## What is needed
In your copy, reproduce the entries exactly as they are, minus the images.

## Supplied records
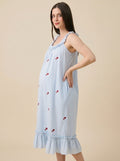 BABY BLOOM MATERNITY LOUNGE DRESS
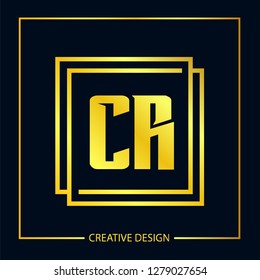Initial Letter CR Logo Template Vector Design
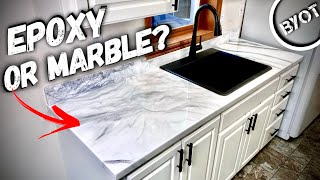 DIY Kitchen Countertop Makeover [upl. by Carlyn56]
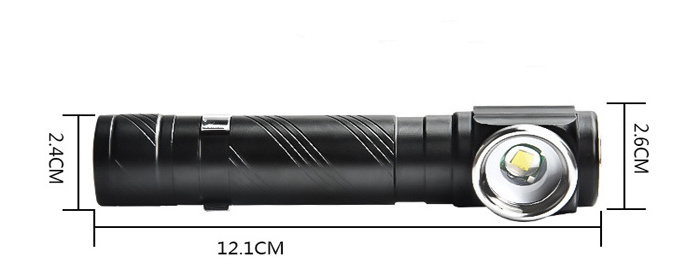 Goldmore3 1200MAH T6 USB Rechargeable LED flashlight,3 modes Adjustable Telescopic Focusing LED Tactical Flashlight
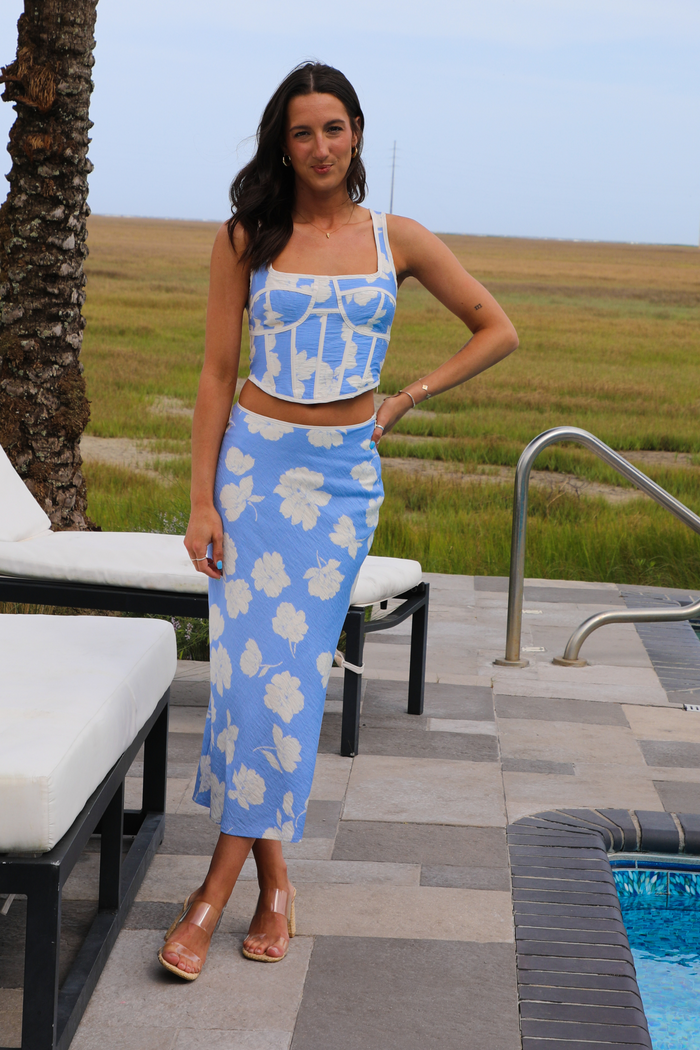 Island Time Set: Blue/Ivory
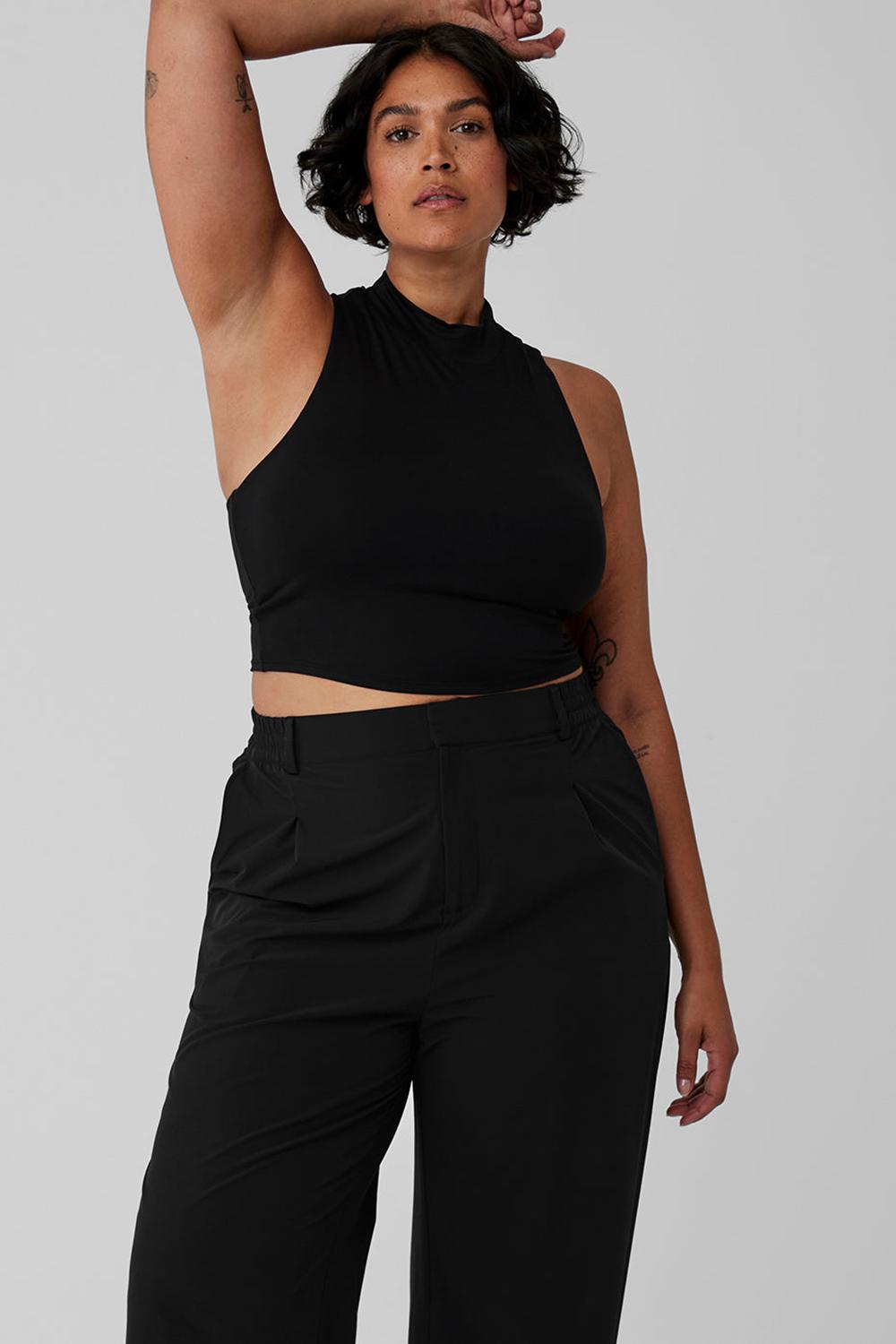 Alo Yoga Alosoft Top That Donna Bra Tank Nere | Italia  HGZ-257436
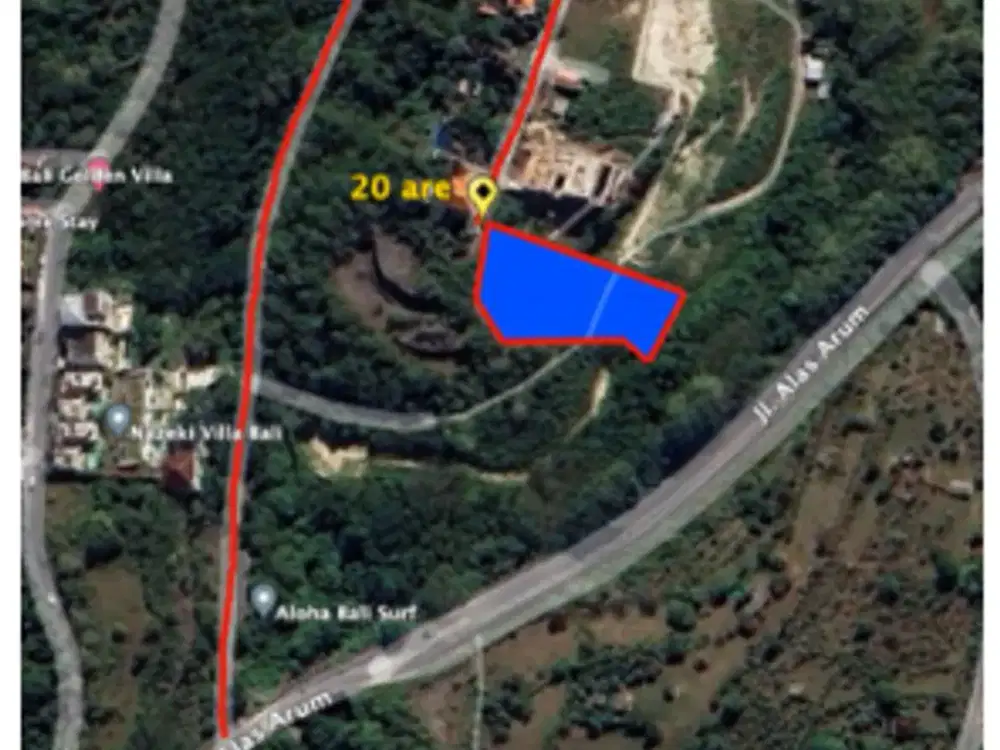 DIJUAL TANAH KOMERSIAL DAERAH CLIF BADUNG BALI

## Written answer
 BABY BLOOM MATERNITY LOUNGE DRESS
Initial Letter CR Logo Template Vector Design
 DIY Kitchen Countertop Makeover [upl. by Carlyn56]
 Goldmore3 1200MAH T6 USB Rechargeable LED flashlight,3 modes Adjustable Telescopic Focusing LED Tactical Flashlight
 Island Time Set: Blue/Ivory
 Alo Yoga Alosoft Top That Donna Bra Tank Nere | Italia  HGZ-257436
 DIJUAL TANAH KOMERSIAL DAERAH CLIF BADUNG BALI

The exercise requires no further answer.